Aproximar o cinema da cidade, aproximar a linguagem cinematográfica da dinâmica urbana pode ser uma forma instigante de pensar sobre um objeto a partir de suas representações – no diálogo sempre enriquecedor que privilegia o entre, principalmente quando esse diálogo entre o um e o outro faz-se com uns e outros tão múltiplos e mutáveis em si mesmo: diferentes cidades no espaço e no tempo representadas por obras cinematográficas igualmente variadas.

Porém, o parágrafo acima ganharia relevância independendo da linguagem que representasse a cidade. O que o cinema tem particular neste diálogo é que sua origem histórica está muito próxima do início da industrialização com tendência planetária que se inaugurava no final do século XIX. Tendencialmente planetária pois infiltrando em todos os âmbitos sociais, culturais e econômicos, tanto na lógica do mundo agrário quanto do comercial: a industrialização estaria no âmago da sociedade urbana, como defendeu Henri Lefebvre nos anos 1960.

E o cinema é a primeira forma de arte industrial – não apenas arte técnica, como já o era a fotografia, pelo aparato instrumental que envolvia na representação do mundo; mas arte industrial, envolvendo equipes de produção com tarefas distintas, sem conhecimento mútuo ou domínio do processo total ou consciência do produto final: a linha de produção internalizada no processo artístico, do argumento ao storyboard, do cenário à atuação, da iluminação à comercialização.

O cinema e a metrópole industrial desde o início têm um fascínio mútuo, com momentos laudatórios, outros críticos, uma hora cenário, outra personagem.

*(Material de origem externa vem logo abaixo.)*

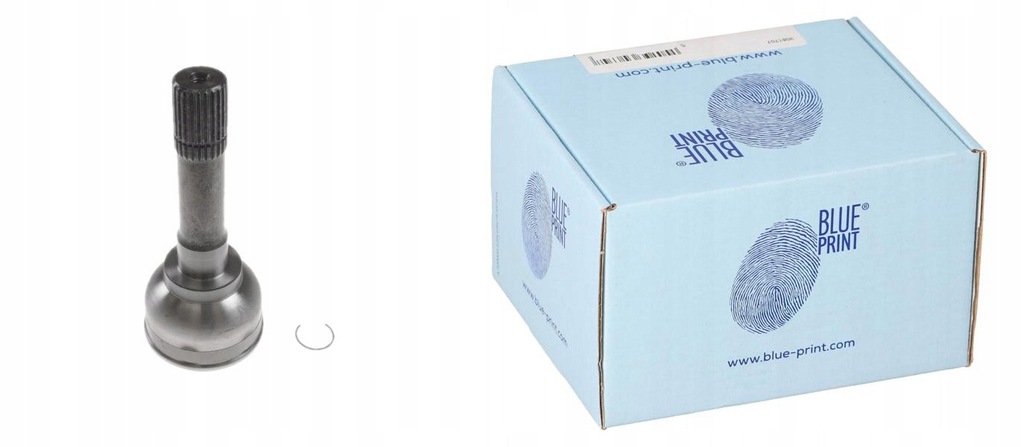 фото №15, Blue print шарнир zew. suzuki jimny 1,3 1,5ddis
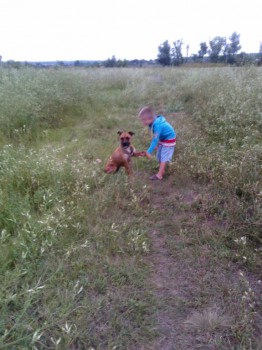 Кого из животных вы содержите? Фото приветствуется. - IMG_20160723_200614.jpg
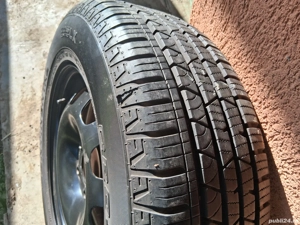 Roata rezerva Noua nefolosita Dacia Duster, Renault Kadjar,Nissan Qasqai 5x114.3  - imagine 2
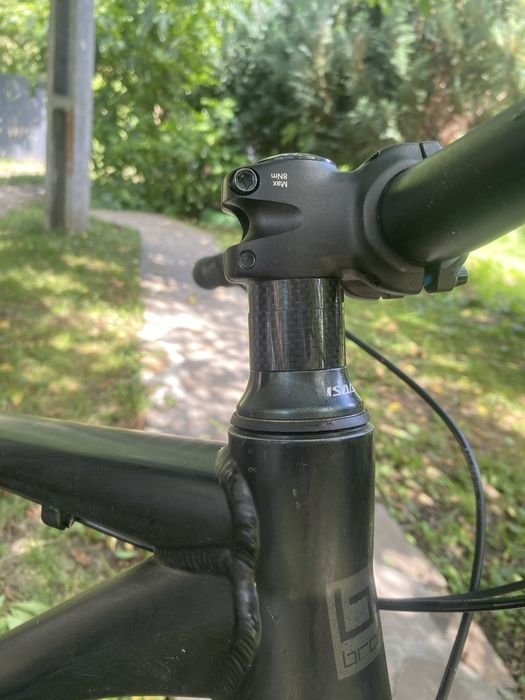 Bicleta hardtail brand-x ht-01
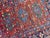 Antique Heriz Rug, 1890s For Sale - Image 11 of 18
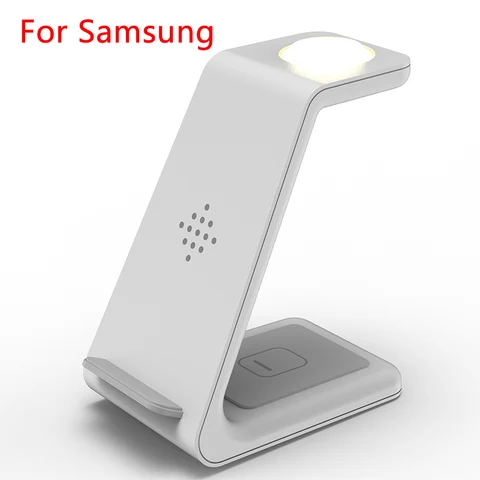 Wireless Charging Holder 22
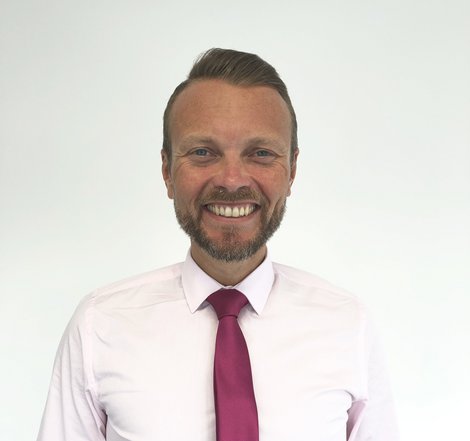 Lee Thompson, Sales & Marketing Director | Fulfilmentcrowd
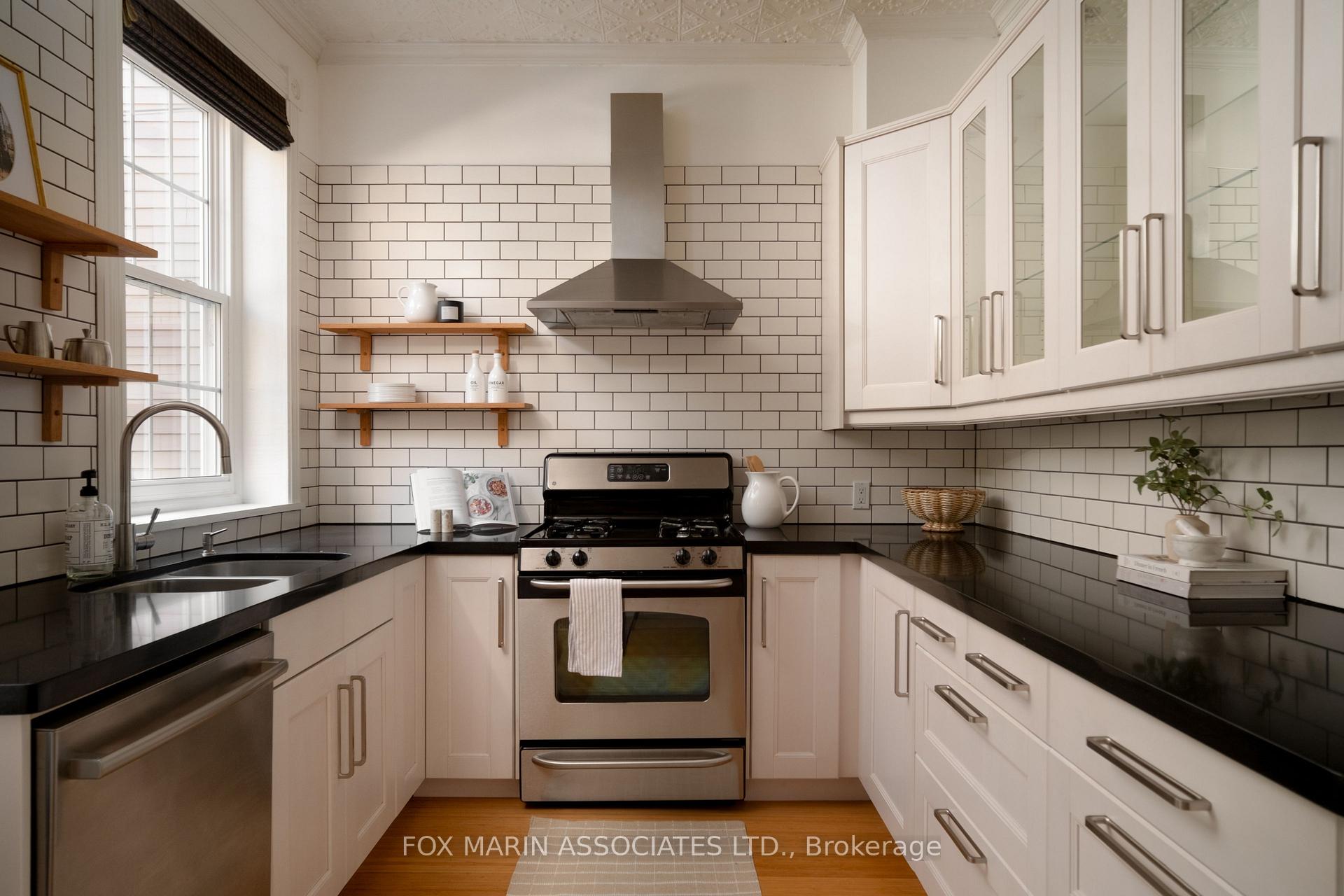 Photo 14 of 227 Markham Street, Toronto, Trinity-Bellwoods — HOMEH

De qualquer modo, o cinema pode sempre instigar a cidade ver-se pelo olhar do outro – não encarar o cinema como um espelho, mas como um prisma, não para ver o objeto refletido no filme, mas usar o filme para ver através da cidade a sua pulsão urbana.

Essa foi a intenção e desafio da 1ª Mostra Cinemacidades, realizada pelo Grupo de Pesquisa em Arquitetura e Urbanismo da Pontifícia Universidade Católica do Paraná em 2004.

Para esta primeira edição escolhemos quatro temas, e para cada tema, um filme: Cidade e as máquinas, Cidade pós-futurista, Cidade Vigiada e Cidade Consumida.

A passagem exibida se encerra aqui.